The functionality in the standard library is implemented using template magic, but the compiler’s view of the code after inlining and basic simplification is that
std::uniform_int_distribution<int> theIntDist(0, 99);

is just defining and initializing a structure
struct {
int a, b;
} theIntDist;
theIntDist.a = 0;
theIntDist.b = 99;

while the call
volatile auto r = theIntDist(randGenerator);

is expanded to the equivalent of
uint64_t ret;
uint64_t urange = theIntDist.b - theIntDist.a;
if (0xffffffff > urange) {
const uint64_t uerange = urange + 1;
const uint64_t scaling = 0xffffffff / uerange;
const uint64_t past = uerange * scaling;
do {
ret = mersenne_twister_engine(randGenerator);
} while (ret >= past);
ret /= scaling;
} else {
...
uniform_int_distribution(&theIntDist, randGenerator);
...
ret = ...
}
volatile int r = ret + theIntDist.a;

where I have used ... for code that is not relevant for the rest of the discussion.

### Optimization differences

It is now easy to see why the second case is faster — creating theIntDist in the loop makes it trivial for the compiler to determine that urange has the value 99, and the code simplifies to
uint64_t ret;
do {
ret = mersenne_twister_engine(randGenerator);
} while (ret >= 4294967200);
ret /= 42949672;
volatile int r = ret;

This simplification is not possible when theIntDist is created outside of the loop — the compiler sees that the loop calls uniform_int_distribution with a reference to theIntDist, so it must assume that the value of theIntDist.a and theIntDist.b may change during the execution and can therefore not do the constant folding.

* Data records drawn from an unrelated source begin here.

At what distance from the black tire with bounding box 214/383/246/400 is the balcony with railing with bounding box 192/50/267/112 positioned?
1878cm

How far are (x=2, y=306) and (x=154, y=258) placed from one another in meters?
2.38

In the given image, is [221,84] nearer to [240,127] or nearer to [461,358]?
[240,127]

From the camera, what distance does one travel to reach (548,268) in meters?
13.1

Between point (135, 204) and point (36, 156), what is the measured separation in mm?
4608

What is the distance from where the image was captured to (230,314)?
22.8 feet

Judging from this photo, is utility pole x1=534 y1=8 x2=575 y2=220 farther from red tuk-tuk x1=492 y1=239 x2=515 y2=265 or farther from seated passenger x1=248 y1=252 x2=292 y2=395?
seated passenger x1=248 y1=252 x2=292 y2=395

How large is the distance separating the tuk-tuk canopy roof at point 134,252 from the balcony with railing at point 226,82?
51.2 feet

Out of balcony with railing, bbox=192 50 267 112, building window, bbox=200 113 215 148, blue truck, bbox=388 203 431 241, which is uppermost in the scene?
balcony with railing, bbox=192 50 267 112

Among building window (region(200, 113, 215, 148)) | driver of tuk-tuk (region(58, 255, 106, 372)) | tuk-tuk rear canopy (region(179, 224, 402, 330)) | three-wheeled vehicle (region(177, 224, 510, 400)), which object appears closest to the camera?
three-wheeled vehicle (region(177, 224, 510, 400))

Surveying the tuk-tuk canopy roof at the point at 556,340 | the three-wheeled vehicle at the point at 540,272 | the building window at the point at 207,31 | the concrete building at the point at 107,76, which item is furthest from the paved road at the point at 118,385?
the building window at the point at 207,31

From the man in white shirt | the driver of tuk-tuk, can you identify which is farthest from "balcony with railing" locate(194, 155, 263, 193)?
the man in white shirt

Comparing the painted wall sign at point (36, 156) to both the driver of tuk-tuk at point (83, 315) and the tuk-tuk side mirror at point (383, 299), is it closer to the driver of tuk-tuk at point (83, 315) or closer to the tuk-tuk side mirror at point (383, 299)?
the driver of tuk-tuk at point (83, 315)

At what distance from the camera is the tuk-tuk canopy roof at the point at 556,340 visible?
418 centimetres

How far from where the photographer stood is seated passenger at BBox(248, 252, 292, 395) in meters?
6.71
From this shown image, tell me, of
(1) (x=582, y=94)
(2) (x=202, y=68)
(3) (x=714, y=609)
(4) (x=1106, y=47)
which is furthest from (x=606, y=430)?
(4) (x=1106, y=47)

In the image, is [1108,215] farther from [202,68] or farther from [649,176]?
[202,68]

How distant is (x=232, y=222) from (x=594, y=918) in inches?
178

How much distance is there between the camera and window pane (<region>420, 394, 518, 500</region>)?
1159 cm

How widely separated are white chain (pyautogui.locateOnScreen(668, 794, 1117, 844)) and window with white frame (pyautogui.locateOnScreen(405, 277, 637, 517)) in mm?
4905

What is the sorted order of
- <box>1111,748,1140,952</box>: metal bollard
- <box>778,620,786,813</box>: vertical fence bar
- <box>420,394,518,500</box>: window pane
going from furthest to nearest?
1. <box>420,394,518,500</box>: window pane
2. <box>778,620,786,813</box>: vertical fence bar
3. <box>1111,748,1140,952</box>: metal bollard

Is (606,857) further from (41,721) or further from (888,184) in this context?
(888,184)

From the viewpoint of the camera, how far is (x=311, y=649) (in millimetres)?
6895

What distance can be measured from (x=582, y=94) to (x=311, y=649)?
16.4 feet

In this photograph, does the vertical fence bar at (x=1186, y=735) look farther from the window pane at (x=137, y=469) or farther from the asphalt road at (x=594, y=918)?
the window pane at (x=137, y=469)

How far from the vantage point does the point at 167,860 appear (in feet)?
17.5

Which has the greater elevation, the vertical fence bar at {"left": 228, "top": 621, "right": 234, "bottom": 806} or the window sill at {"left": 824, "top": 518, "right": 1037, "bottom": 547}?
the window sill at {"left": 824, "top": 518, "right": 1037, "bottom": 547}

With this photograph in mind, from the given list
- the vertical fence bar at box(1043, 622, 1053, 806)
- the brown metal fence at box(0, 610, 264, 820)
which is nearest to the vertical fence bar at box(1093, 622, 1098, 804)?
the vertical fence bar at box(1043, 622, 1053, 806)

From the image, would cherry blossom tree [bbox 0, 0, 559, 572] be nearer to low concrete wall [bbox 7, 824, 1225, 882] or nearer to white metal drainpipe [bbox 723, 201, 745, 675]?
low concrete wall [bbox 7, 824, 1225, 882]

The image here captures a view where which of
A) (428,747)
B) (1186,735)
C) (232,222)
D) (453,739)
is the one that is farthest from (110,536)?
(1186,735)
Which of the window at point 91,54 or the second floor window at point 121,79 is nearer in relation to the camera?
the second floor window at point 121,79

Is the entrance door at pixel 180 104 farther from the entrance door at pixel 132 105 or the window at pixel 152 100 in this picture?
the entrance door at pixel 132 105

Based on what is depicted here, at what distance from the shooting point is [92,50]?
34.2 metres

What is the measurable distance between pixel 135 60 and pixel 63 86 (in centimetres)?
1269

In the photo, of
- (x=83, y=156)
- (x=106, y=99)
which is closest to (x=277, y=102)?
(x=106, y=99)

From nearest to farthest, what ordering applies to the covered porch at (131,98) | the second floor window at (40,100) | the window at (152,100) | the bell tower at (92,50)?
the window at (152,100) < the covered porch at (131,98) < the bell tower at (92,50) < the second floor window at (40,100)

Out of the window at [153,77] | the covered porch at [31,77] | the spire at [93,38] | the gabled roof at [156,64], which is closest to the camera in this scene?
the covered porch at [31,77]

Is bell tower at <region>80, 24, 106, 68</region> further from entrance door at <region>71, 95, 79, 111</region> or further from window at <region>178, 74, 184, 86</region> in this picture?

The function does, however, not modify theIntDist, so both versions of the program do the same work, but the slow version needs to do one extra comparison/branch and a few extra arithmetic instructions for each loop iteration.

### The cost of division

The mersenne_twister_engine is not a big function, but it is not trivial — it executes about 40 instructions — so it is surprising that adding a few instructions to the loop makes the program four times slower. I described a similar case in a previous blog post where the problem were due to branch mis-prediction, but the branch is perfectly predicted in  this example.

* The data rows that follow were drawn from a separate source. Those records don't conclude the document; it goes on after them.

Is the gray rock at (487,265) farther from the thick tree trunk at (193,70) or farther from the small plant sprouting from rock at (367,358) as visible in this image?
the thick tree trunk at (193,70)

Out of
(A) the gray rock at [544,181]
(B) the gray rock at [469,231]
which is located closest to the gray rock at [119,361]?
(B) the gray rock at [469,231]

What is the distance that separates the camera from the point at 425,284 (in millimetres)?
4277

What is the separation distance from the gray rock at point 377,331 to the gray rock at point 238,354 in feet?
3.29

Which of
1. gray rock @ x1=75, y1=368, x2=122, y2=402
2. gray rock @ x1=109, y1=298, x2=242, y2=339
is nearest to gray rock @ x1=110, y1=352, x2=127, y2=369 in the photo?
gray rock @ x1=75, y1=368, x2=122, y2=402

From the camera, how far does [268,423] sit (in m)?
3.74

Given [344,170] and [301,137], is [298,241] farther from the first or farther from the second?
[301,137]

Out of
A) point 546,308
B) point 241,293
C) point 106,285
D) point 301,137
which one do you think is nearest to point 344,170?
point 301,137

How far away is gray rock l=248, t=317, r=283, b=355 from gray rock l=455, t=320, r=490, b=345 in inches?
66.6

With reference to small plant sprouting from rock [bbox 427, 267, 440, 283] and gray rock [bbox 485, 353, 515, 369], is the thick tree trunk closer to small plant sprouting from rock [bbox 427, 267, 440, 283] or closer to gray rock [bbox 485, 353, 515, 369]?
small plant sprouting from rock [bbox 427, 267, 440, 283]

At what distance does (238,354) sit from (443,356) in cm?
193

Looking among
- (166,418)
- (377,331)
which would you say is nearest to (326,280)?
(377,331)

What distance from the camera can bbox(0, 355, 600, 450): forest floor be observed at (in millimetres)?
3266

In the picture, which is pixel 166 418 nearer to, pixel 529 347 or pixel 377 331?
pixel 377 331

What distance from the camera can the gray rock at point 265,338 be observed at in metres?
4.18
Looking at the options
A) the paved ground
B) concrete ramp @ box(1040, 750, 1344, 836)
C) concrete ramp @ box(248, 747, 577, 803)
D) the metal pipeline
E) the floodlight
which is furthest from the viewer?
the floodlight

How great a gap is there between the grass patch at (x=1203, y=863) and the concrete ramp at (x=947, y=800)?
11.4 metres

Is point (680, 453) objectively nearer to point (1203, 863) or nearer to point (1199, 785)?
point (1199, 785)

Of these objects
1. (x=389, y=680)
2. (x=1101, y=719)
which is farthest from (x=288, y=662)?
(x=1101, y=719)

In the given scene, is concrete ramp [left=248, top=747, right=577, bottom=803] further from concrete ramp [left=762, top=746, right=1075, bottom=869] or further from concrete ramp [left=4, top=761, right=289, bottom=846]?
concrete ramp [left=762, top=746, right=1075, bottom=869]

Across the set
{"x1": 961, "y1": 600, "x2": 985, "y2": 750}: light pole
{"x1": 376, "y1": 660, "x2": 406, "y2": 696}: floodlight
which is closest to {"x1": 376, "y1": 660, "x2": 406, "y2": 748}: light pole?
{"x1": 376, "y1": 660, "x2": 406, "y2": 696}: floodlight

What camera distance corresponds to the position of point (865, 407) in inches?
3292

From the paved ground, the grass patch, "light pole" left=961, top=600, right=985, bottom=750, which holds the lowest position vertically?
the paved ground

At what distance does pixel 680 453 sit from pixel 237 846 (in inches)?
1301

The reason here is that the slow loop need to do an integer division instruction when calculating scaling, and integer division is expensive — Agner Fog’s instruction tables says that the 64-bit division may need up to 103 cycles on the Broadwell microarchitecture! This usually does not matter too much for normal programs as as the compiler tries to move the division instructions so that they have as much time as possible to execute before the result is needed, and the CPU can in general continue executing other instructions out of order while waiting for the result of the division. But it does make a big difference in this kind of micro-benchmarks as the compiler cannot move the division earlier, and the CPU runs out of work to do out of order as the mersenne_twister_engine function executes much faster than the division.

1. If a compiler wouldn't be able to do anything else useful while waiting for integer division results, could a user-written routine outperform the hardware-divide instruction? A 64-bit division would seem long enough that even if a little setup would be needed to allow eight bits of quotient to be computed per successive-approximation step, reducing the number of iterative steps from 64 to 8 could pay off.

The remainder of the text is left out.